Modern microscopy techniques have generated significant interest in studying cellular processes at the single molecule level. Single molecule experiments overcome averaging effects and therefore provide information that is not accessible using conventional bulk studies. However, the 3D localization and tracking of single molecules poses several challenges. In addition to whether or not images of the single molecule can be captured while it undergoes potentially highly complex 3D dynamics, the question arises whether or not the 3D location of the single molecule can be determined and how accurately this can be done.

A major obstacle to high accuracy 3D location estimation is the poor depth discrimination of a standard microscope. Even with a high numerical aperture objective, the image of a point source in a conventional microscope does not change appreciably if the point source is moved several hundred nanometers from its focus position. This makes it extraordinarily difficult to determine the axial, i.e., z position, of the point source with a conventional microscope.

More generally, quantitative single molecule microscopy for 3D samples poses the identical problem whether the application is localization/tracking or super-resolution microscopy such as PALM, STORM, FPALM, dSTORM for 3D applications, i.e. the determination of the location of a single molecule in three dimensions. MUM offers several advantages. In MUM, images of the point source are simultaneously acquired at different focus levels. These images give additional information that can be used to constrain the z position of the point source.
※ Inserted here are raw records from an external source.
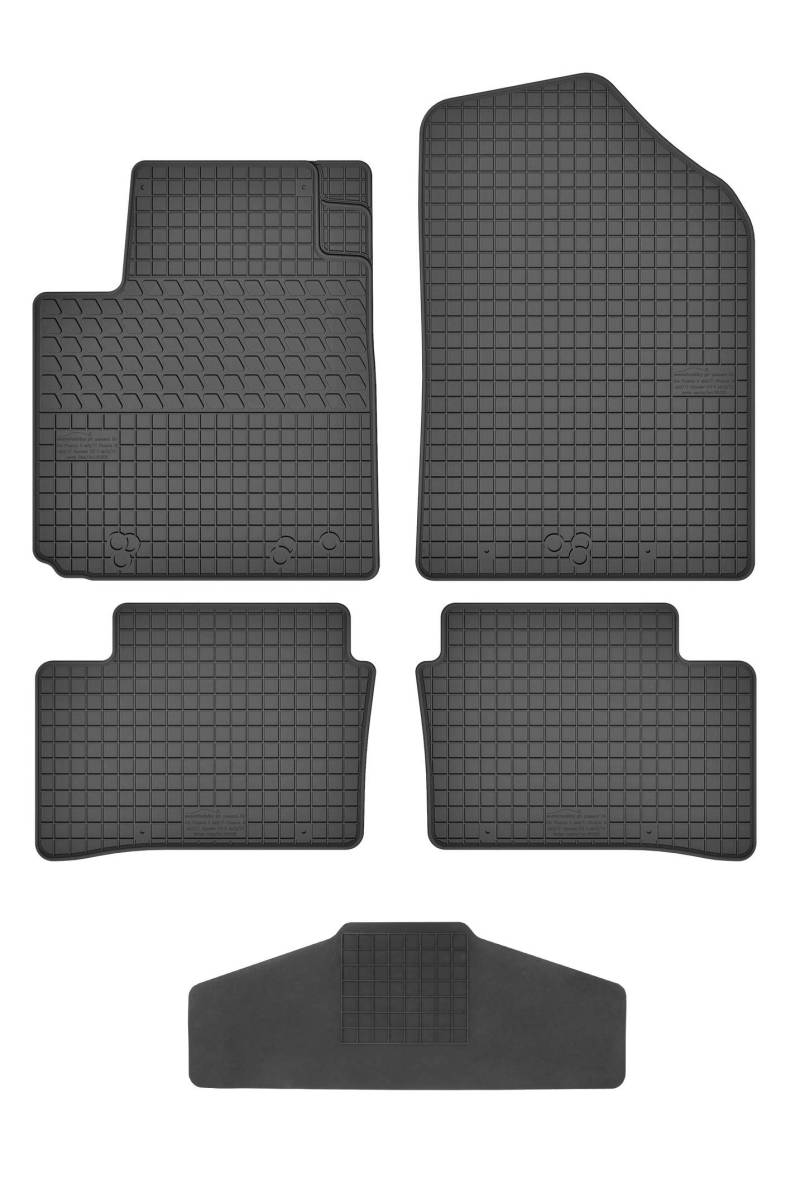Fußmatten Vorne und Hinten 4er Set für Hyundai i10 2 2013 – 2019 Gummi Gummimatten von fussmattenheld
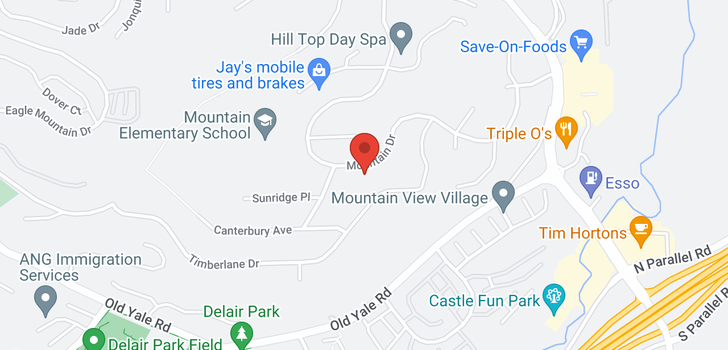 map of 2276 MOUNTAIN DRIVE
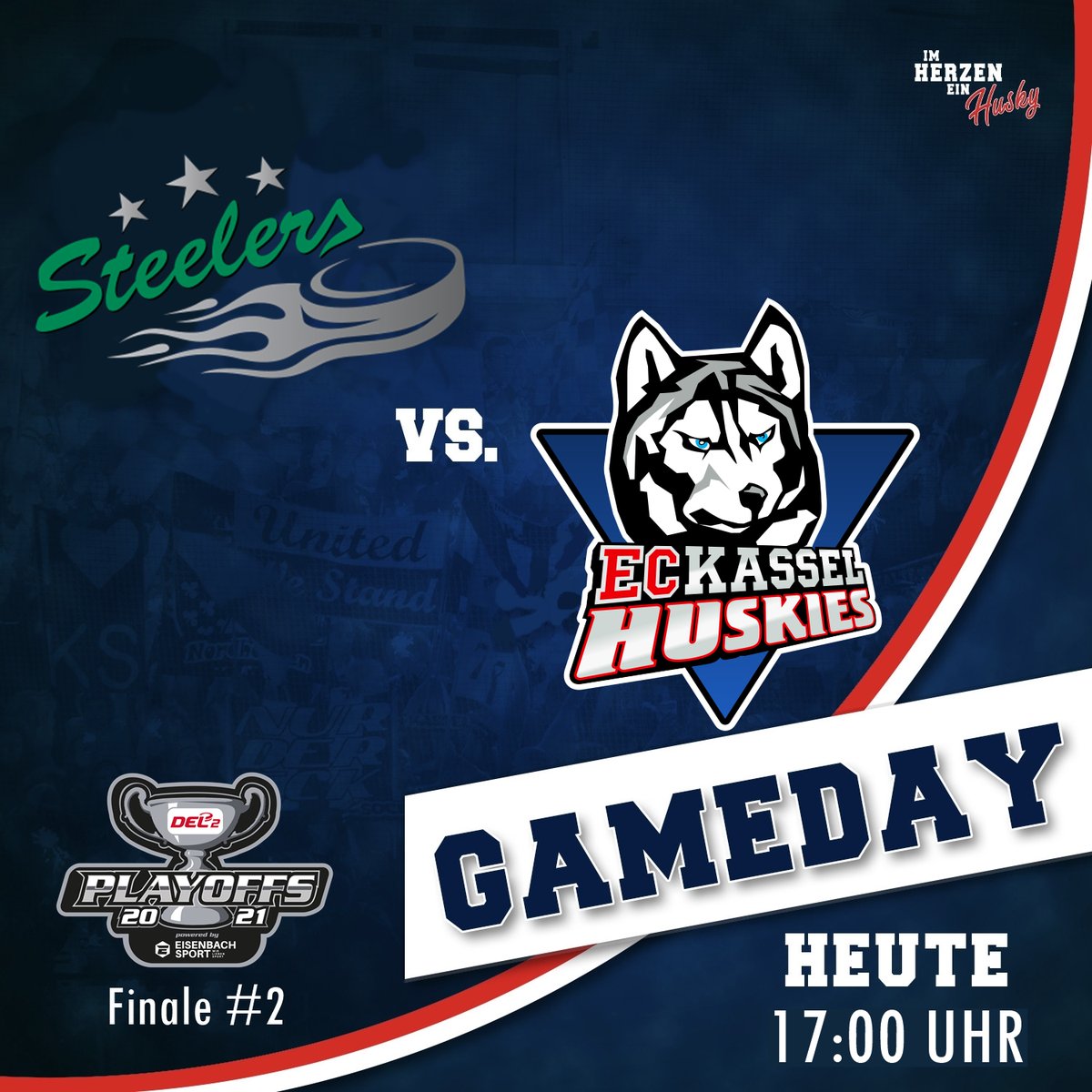 ECKASSELHUSKIES's tweet image. Nur noch 2️⃣...

Ab 17 Uhr stiegt heute das zweite Finale in Bietigheim - unsere Jungs können sich dabei die Matchpucks für den Titel holen 💪

Eure Tipps für Spiel 2?👇

#SCBECK #2togo #MissionDEL #imHerzeneinHusky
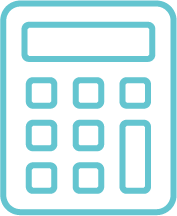 Artwork of hand-held calculator.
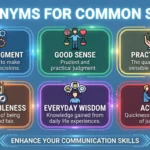synonyms for common sense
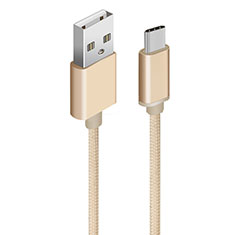 Kabel Type-C Android Universal T04 für Huawei Mate 40 Pro 5G Gold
This constraining information largely overcomes the depth discrimination problem near the focus.

The 3D localization measure provides a quantitative measure of how accurately the location of the point source can be determined. A small numerical value of the 3D localization measure implies very high accuracy in determining the location, while a large numerical value of the 3D localization measure implies very poor accuracy in determining the location. For a conventional microscope when the point source is close to the plane of focus, e.g., z0 <= 250 nm, the 3D localization measure predicts very poor accuracy in estimating the z position. Thus, in a conventional microscope, it is problematic to carry out 3D tracking when the point source is close to the plane of focus.
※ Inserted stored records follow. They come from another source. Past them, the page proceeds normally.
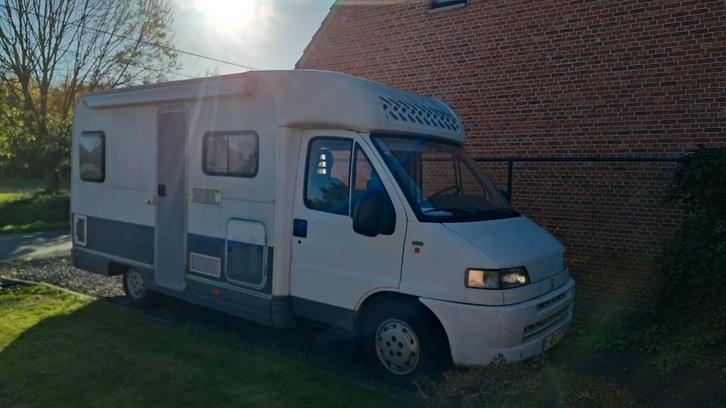 Fiat Ducato camper met opknapwerk, Caravans en Kamperen, Mobilhomes, Particulier, tot en met 4, Fiat, Fiat, Diesel, Handgeschakeld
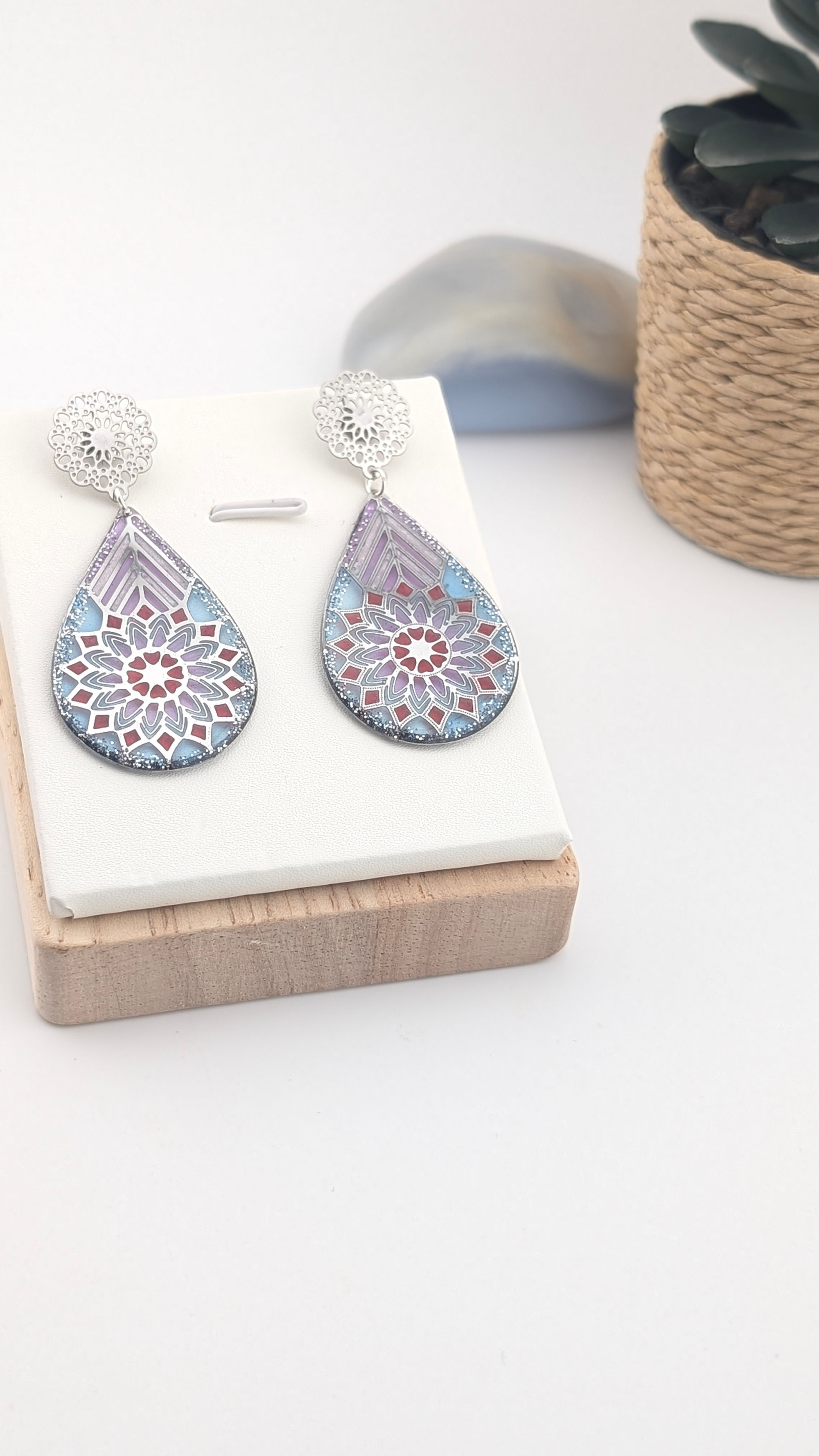 Boucles d'oreilles Élégance Cathédrale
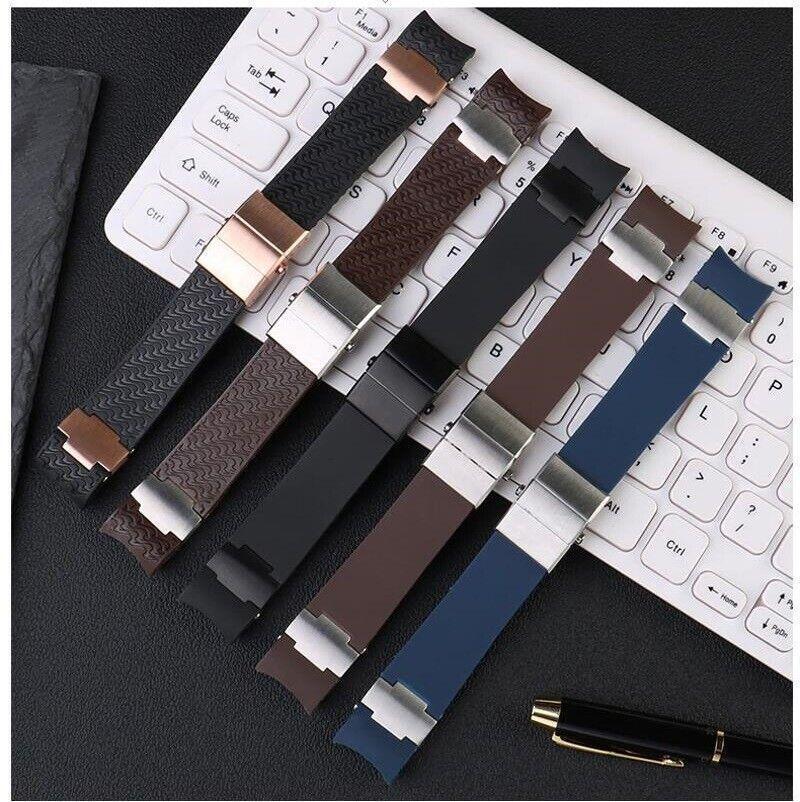 Silicone Rubber 22mm Watch Band for Ulysse Nardin 263 Diver Curved Strap Bands - $24.99 - $52.99
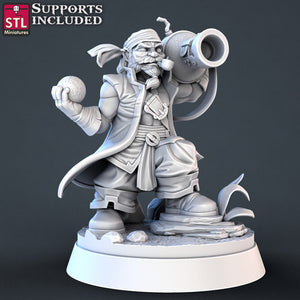 Pirate Set - STL Miniatures - Wargaming D&D DnD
On the other hand, for a two plane MUM setup the 3D localization measure predicts consistently better accuracy than a conventional microscope for a range of z-values, especially when the point source is close to the plane of focus. An immediate implication of this result is that the z-location of the point source can be determined with relatively the same level of accuracy for a range of z-values, which is favorable for 3D single particle tracking.

==Dual objective multifocal plane microscopy (dMUM)==

Dual objective multifocal plane microscope (dMUM)
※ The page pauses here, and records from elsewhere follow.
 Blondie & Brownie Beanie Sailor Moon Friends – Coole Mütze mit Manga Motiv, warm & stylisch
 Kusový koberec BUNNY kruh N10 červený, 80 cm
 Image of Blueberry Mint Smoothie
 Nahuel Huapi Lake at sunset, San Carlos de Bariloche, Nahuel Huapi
In single particle imaging applications, the number of photons detected from the fluorescent label plays a crucial role in the quantitative analysis of the acquired data. Currently, particle tracking experiments are typically carried out on either an inverted or an upright microscope, in which a single objective lens illuminates the sample and also collects the fluorescence signal from it. Note that although fluorescence emission from the sample occurs in all directions (i.e., above and below the sample), the use of a single objective lens in these microscope configurations results in collecting light from only one side of the sample. Even if a high numerical aperture objective lens is used, not all photons emitted at one side of the sample can be collected due to the finite collection angle of the objective lens. Thus even under the best imaging conditions conventional microscopes collect only a fraction of the photons emitted from the sample.

To address this problem, a microscope configuration can be used that uses two opposing objective lenses, where one of the objectives is in an inverted position and the other objective is in an upright position. This configuration is called dual objective multifocal plane microscopy (dMUM).